Task directions — From the entries below, print exactly the span beginning with the line holding "Abstract view of" and ending with the line holding "Olaf staat in", endpoints included, and skip any pictures.

Records provided —
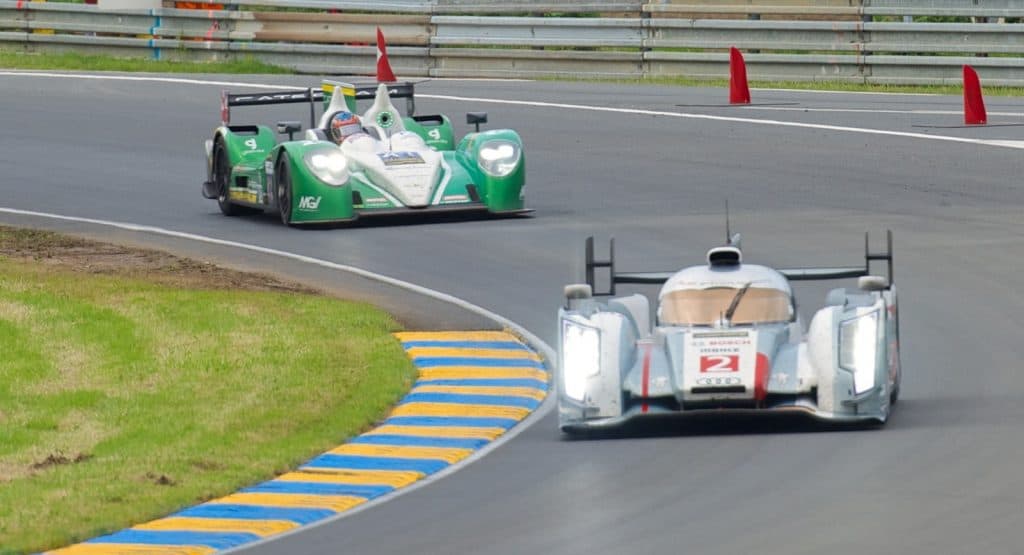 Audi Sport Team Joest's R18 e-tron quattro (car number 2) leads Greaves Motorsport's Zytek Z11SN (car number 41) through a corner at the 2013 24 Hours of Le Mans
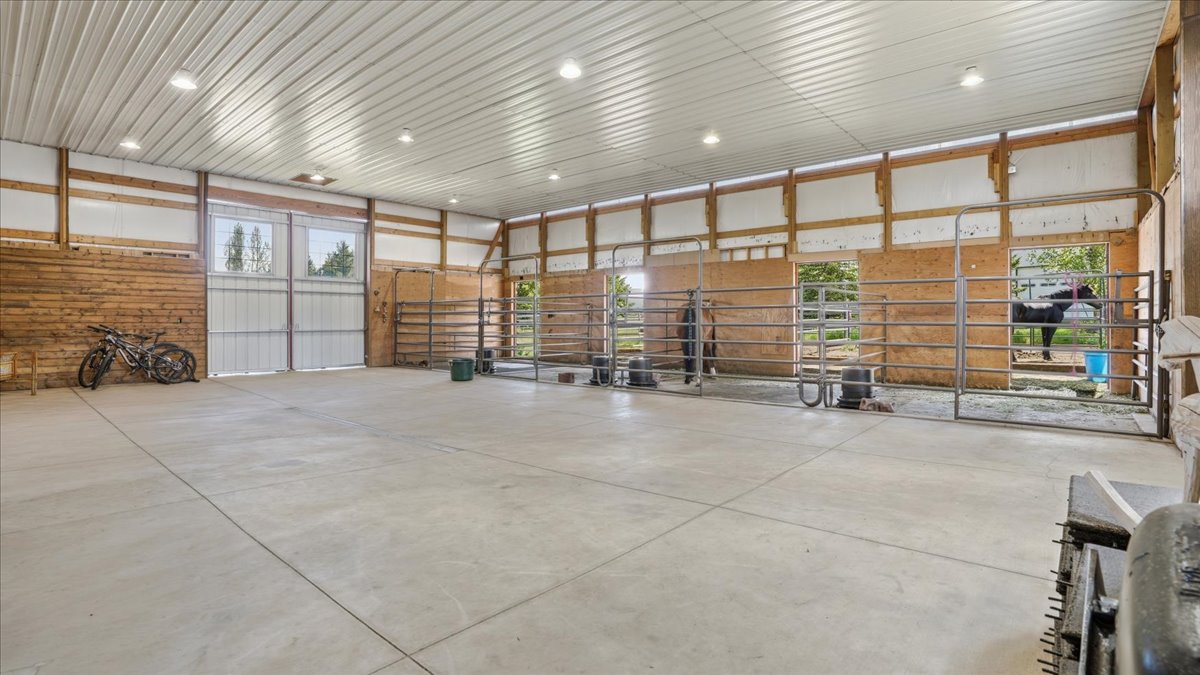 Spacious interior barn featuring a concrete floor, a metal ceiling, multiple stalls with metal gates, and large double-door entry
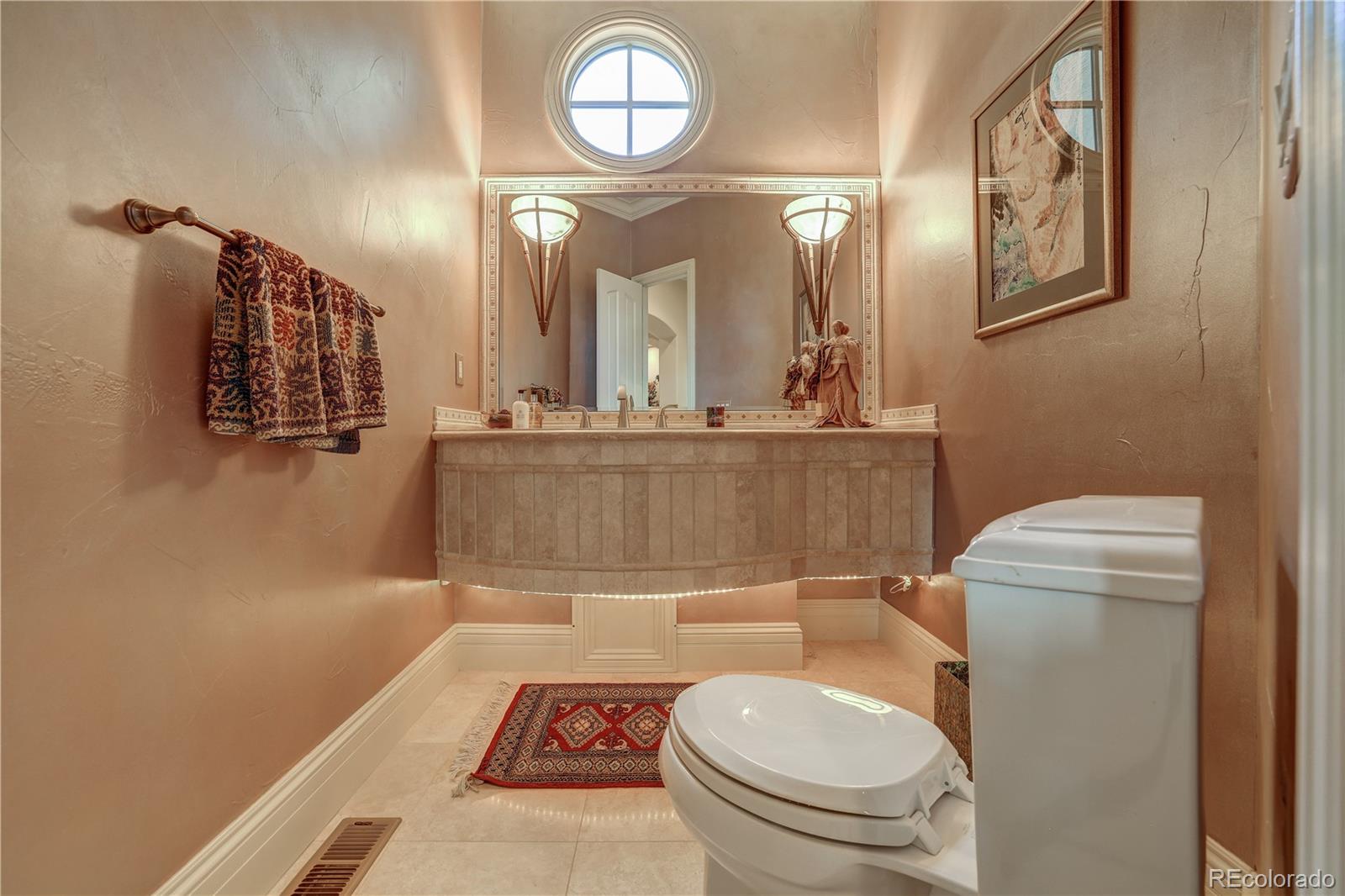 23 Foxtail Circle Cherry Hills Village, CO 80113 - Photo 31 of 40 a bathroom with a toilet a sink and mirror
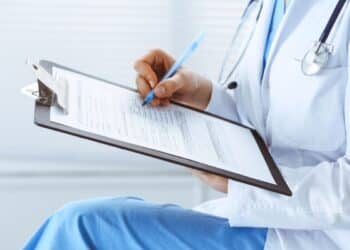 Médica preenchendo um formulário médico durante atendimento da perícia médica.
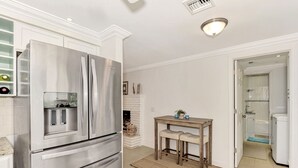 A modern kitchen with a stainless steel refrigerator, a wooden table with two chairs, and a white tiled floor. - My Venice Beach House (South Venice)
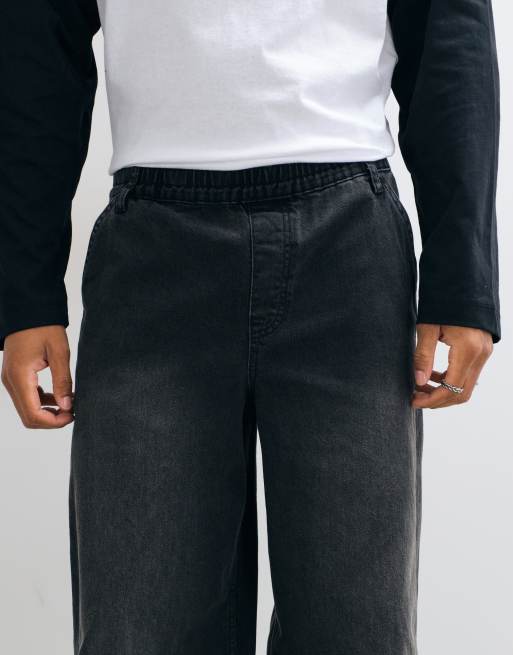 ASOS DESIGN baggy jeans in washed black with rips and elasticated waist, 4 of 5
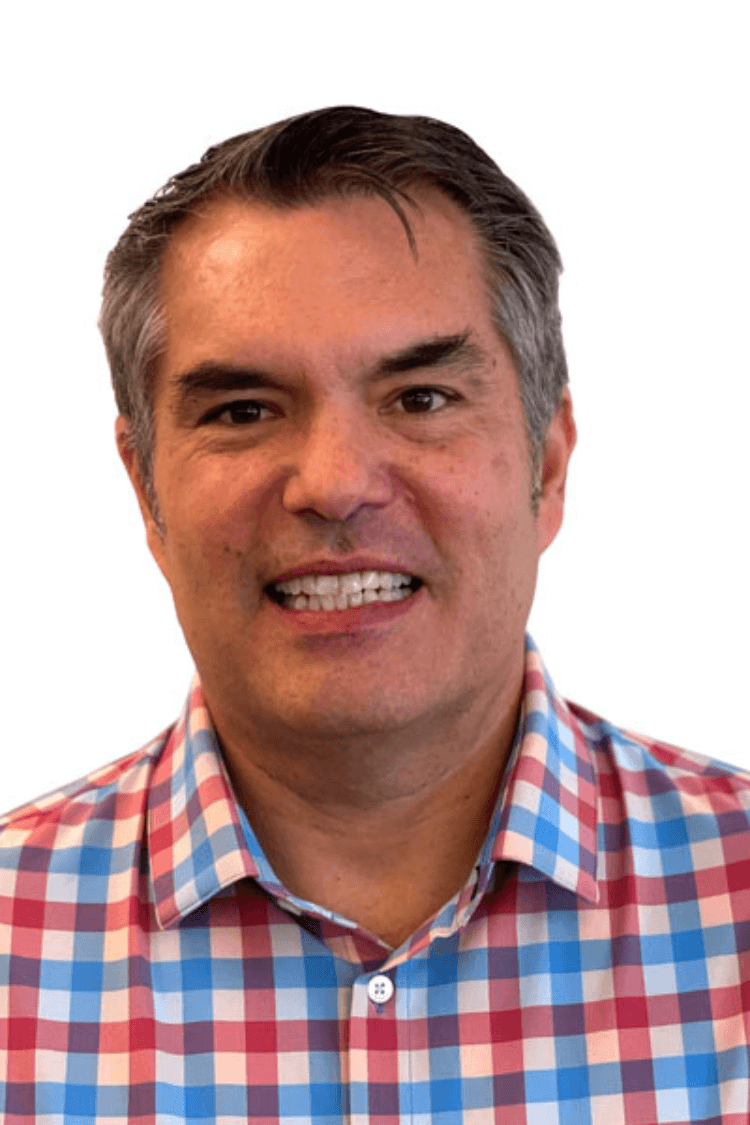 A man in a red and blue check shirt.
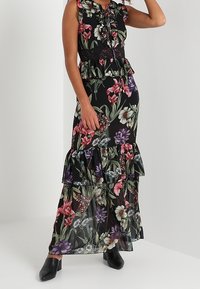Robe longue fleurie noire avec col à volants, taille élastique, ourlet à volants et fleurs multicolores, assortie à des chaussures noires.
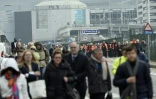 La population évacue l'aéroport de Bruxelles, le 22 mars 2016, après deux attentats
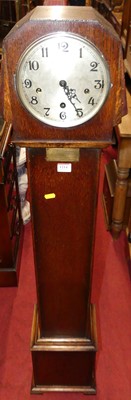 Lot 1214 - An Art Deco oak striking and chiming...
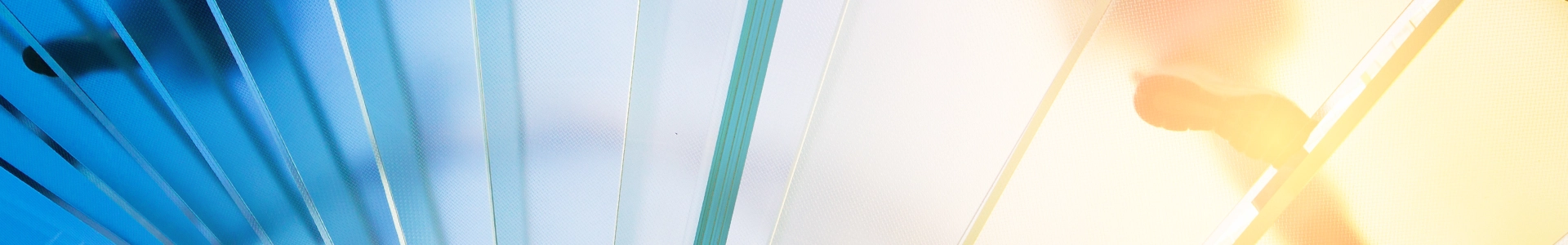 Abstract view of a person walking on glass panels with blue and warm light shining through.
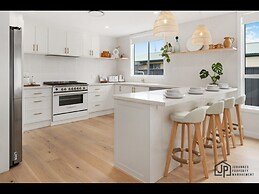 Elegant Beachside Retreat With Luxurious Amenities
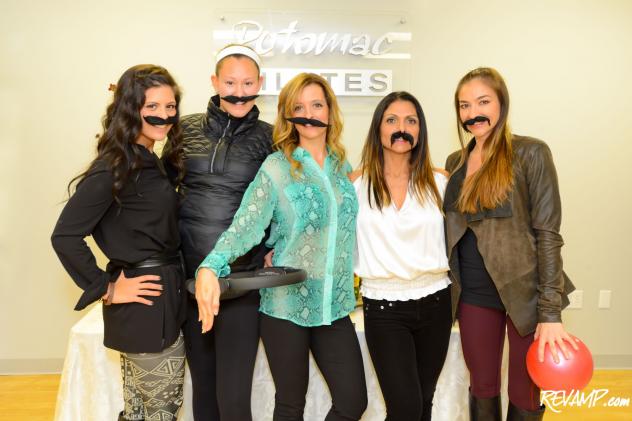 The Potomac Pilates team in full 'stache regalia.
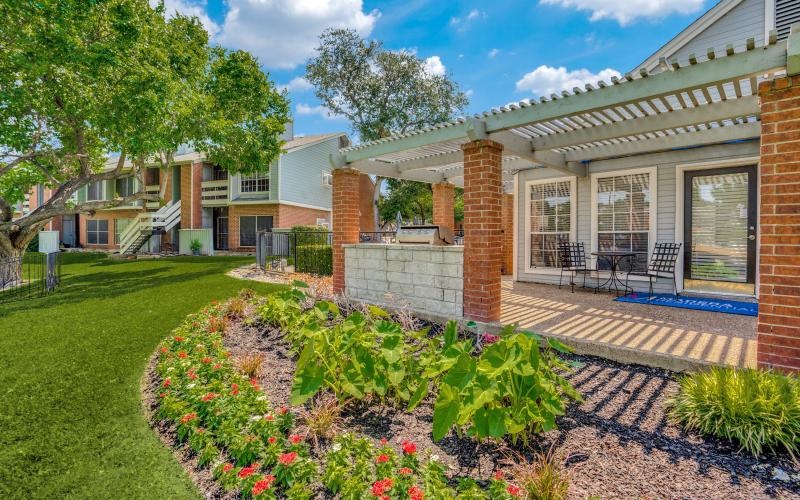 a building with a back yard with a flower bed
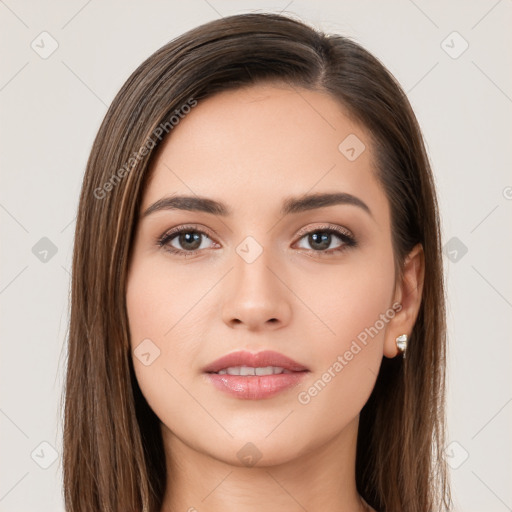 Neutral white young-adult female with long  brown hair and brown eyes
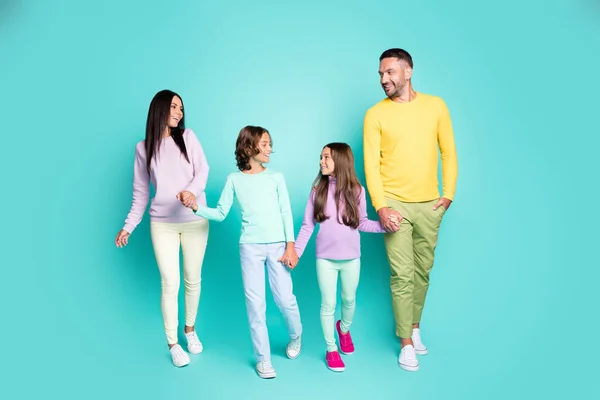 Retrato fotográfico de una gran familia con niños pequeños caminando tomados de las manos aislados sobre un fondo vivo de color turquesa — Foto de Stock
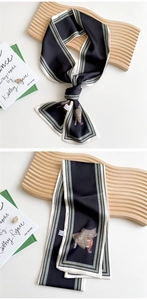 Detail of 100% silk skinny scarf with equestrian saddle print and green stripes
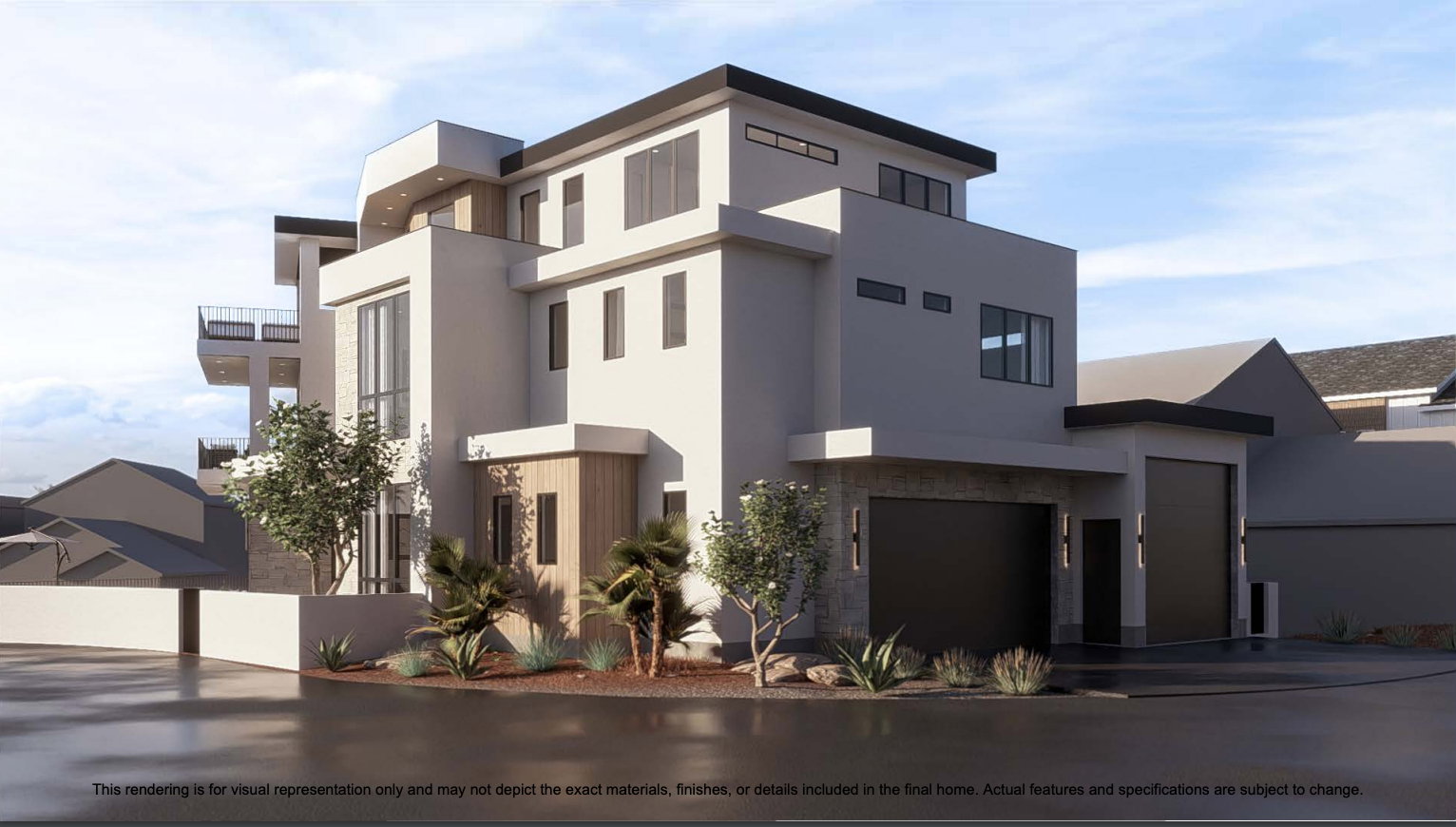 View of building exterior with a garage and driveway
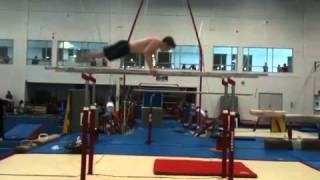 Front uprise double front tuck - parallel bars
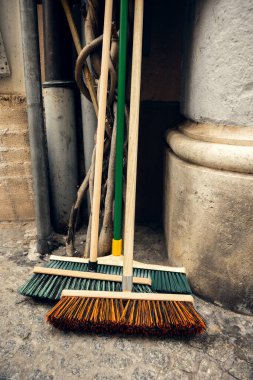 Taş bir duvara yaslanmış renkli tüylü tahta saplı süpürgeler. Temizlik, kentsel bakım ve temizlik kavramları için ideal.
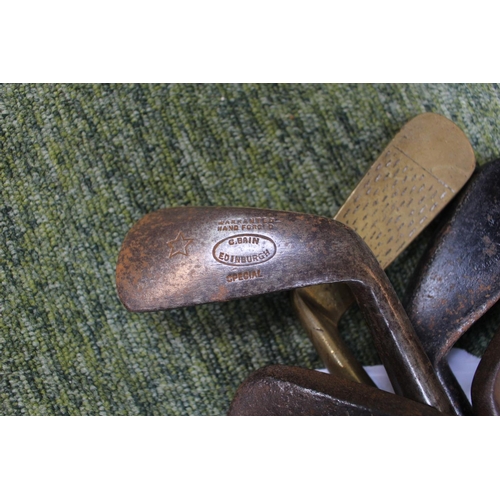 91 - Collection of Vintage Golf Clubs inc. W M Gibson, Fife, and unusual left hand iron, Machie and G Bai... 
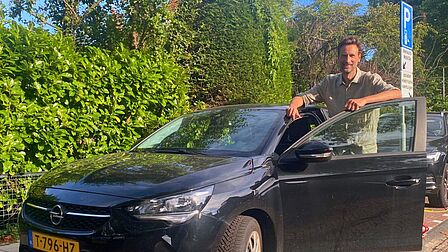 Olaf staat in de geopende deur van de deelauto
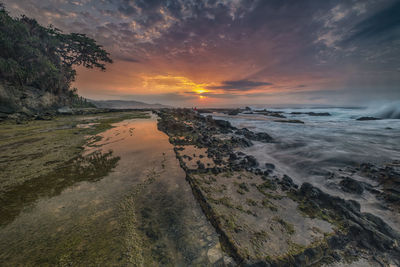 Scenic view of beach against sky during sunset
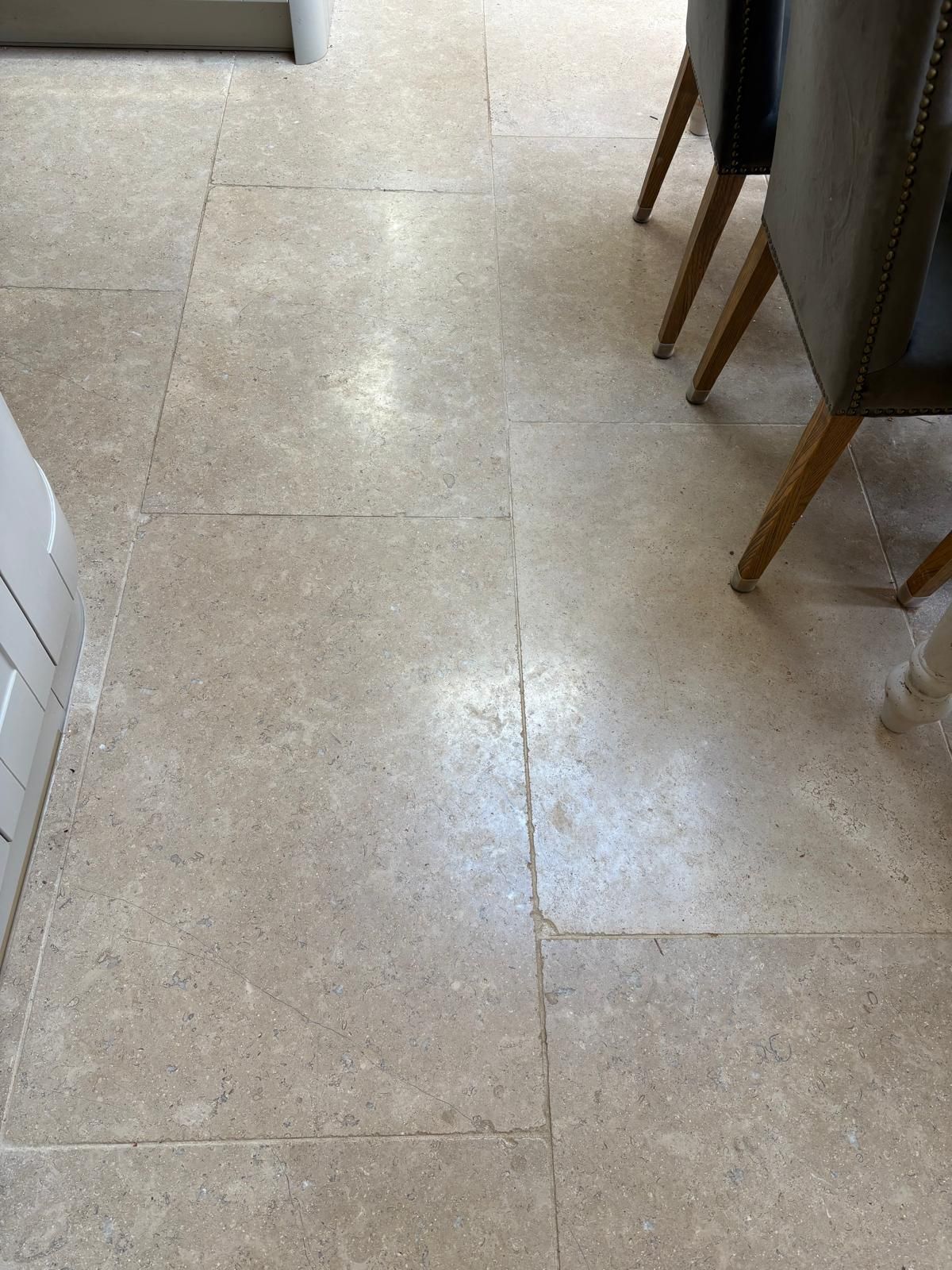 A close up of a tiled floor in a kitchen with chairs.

Task solution —
 Abstract view of a person walking on glass panels with blue and warm light shining through.
 Elegant Beachside Retreat With Luxurious Amenities
 The Potomac Pilates team in full 'stache regalia.
 a building with a back yard with a flower bed
 Neutral white young-adult female with long  brown hair and brown eyes
 Retrato fotográfico de una gran familia con niños pequeños caminando tomados de las manos aislados sobre un fondo vivo de color turquesa — Foto de Stock
 Detail of 100% silk skinny scarf with equestrian saddle print and green stripes
 View of building exterior with a garage and driveway
 Front uprise double front tuck - parallel bars
 Taş bir duvara yaslanmış renkli tüylü tahta saplı süpürgeler. Temizlik, kentsel bakım ve temizlik kavramları için ideal.
 91 - Collection of Vintage Golf Clubs inc. W M Gibson, Fife, and unusual left hand iron, Machie and G Bai... 
 Olaf staat in de geopende deur van de deelauto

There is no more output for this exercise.